Lunn David J, Whittaker John C, Best Nicky
Department of Epidemiology and Public Health, Imperial College London, St. Mary's Campus, London, UK.
Genet Epidemiol. 2006 Apr;30(3):231-47. doi: 10.1002/gepi.20140.
We present a range of modelling components designed to facilitate Bayesian analysis of genetic-association-study data. A key feature of our approach is the ability to combine different submodels together, almost arbitrarily, for dealing with the complexities of real data. In particular, we propose various techniques for selecting the "best" subset of genetic predictors for a specific phenotype (or set of phenotypes). At the same time, we may control for complex, non-linear relationships between phenotypes and additional (non-genetic) covariates as well as accounting for any residual correlation that exists among multiple phenotypes.

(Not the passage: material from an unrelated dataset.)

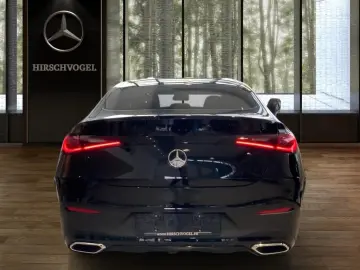 GLC 200 4M EDITION AMG-Line+Night+AHK+DISTRONIC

Both of these additional modelling components are shown to potentially aid in detecting the underlying genetic signal. We may also account for uncertainty regarding missing genotype data. Indeed, at the heart of our approach is a novel method for reconstructing unobserved haplotypes and/or inferring the values of missing genotypes. This can be deployed independently or, alternatively, it can be fully integrated into arbitrary genotype- or haplotype-based association models such that the missing data and the association model are "estimated" simultaneously. The impact of such simultaneous analysis on inferences drawn from the association model is shown to be potentially significant. Our modelling components are packaged as an "add-on" interface to the widely used WinBUGS software, which allows Markov chain Monte Carlo analysis of a wide range of statistical models. We illustrate their use with a series of increasingly complex analyses conducted on simulated data based on a real pharmacogenetic example.
我们展示了一系列建模组件,旨在促进对基因关联研究数据的贝叶斯分析。我们方法的一个关键特征是能够几乎任意地将不同的子模型组合在一起,以应对实际数据的复杂性。特别是,我们提出了各种技术来为特定表型(或一组表型)选择基因预测因子的“最佳”子集。同时,我们可以控制表型与其他(非基因)协变量之间复杂的非线性关系,并考虑多个表型之间存在的任何残余相关性。这两个额外的建模组件都显示出可能有助于检测潜在的遗传信号。我们还可以考虑缺失基因型数据的不确定性。事实上,我们方法的核心是一种重建未观察到的单倍型和/或推断缺失基因型值的新方法。这可以独立部署,或者,也可以完全集成到基于任意基因型或单倍型的关联模型中,以便同时“估计”缺失数据和关联模型。这种同时分析对从关联模型得出的推断的影响显示可能是显著的。我们的建模组件被打包为一个广泛使用的WinBUGS软件的“附加”接口,该接口允许对各种统计模型进行马尔可夫链蒙特卡罗分析。我们通过基于一个真实药物遗传学实例的模拟数据进行的一系列越来越复杂的分析来说明它们的用法。